The acquisition would be a significant move by Nvidia in rounding out its microprocessor product portfolio. The Santa Clara, CA-based company, having achieved global leadership in GPUs, wants to add Arm CPUs to an offering that, combined with Nvidia’s 2020 acquisition of high performance networking company Mellanox, could enhance Nvidia’s growing presence in data center servers, HPC and supercomputing.
The Data Centre Dynamics story also reported that the deal “is also behind schedule in Europe – but because Nvidia has yet to submit its paperwork to the European Commission,” according to a story in The Telegraph. “That body has now recessed for a summer break, and is unlikely to look at the acquisition before September at the earliest. A decision could then take more than six months,” stated the publication.
The news regarding Chinese regulators comes amidst recent attacks by the PRC on some of China’s largest technology companies. This morning, Tencent Holdings stock fell after a state-owned Chinese newspaper attacked online gaming as “opium for the mind,” “fueling investor concerns that the companies’ popular games could be swept up into a broader regulatory crackdown,” reported The Wall Street Journal.
“In recent months, China has intensified scrutiny of big technology companies over issues such as data security, monopolistic behavior and financial stability, sparking a steep selloff in the shares of companies like Tencent and Alibaba Group Holding Ltd.,” the Journal stated.
All this comes during intensifying trade antagonism between China and the U.S., much of it focused on technology. Nvidia’s ability to navigate this difficult and unpredictable trade and geopolitical landscape will be a major test of its communications and government relations skills.
Interesting, too, are the evolving product portfolio strategies of the major chip companies. Having seen over the past decade near blanket dominance in HPC-class servers of Intel CPUs encroached upon and augmented by GPU and FPGA accelerators – what HPC industry analyst Addison Snell, CEO of Intersect360 Research, has called “technology disaggregation” – we now may be seeing an attempt at re-aggregation by the big chip companies. That is, GPUs, FPGAs, Arm and custom AI chips are increasingly used in tandem with CPUs for advanced computing workloads. But instead of combinations of chips from combinations of vendors, those vendors are moving to become single-source providers of multiple architectures.

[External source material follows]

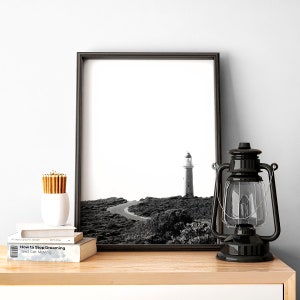 Puede incluir: Fotografía en blanco y negro de un faro en una costa rocosa. La foto está enmarcada en un marco negro y se exhibe en un estante de madera con una linterna negra y una pila de libros.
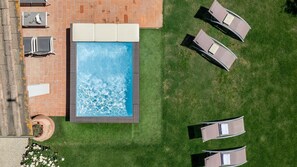 An aerial view of a swimming pool with lounge chairs and a brick patio. - Casetta Di Petriolo, Cerreto Guidi, Florence and Chianti (Cerreto Guidi)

Cases in point: the world’s second and third most powerful supercomputers, Summit and Sierra at Oak Ridge National Laboratory and Lawrence Livermore National Laboratory, respectively (both installed in 2018), are powered by IBM CPUs and Nvidia GPUs. But next-gen, state-of-supercomputing exascale systems will use chips from single vendors. Frontier, scheduled to be delivered to Oak Ridge National Laboratory later this year, will be powered by AMD CPUs and GPUs. Aurora, slated for Argonne National Laboratory, will be equipped with Intel “Sapphire Rapids” Xeon CPUs and Intel’s “Ponte Vecchio” GPUs.
Thus, the Nvidia-Arm move would be in keeping with the broadening chip choices of AMD and Intel, both of which are building out CPU-GPU product strategies (Intel also has FPGAs and AMD will likely soon have them, assuming its acquisition of Xilinx is approved). The result could be performance advantages from tighter multiprocessor integration. And it could mean expanded market reach and tighter account control for the chip vendors whose customers rely on only them for of their chip needs.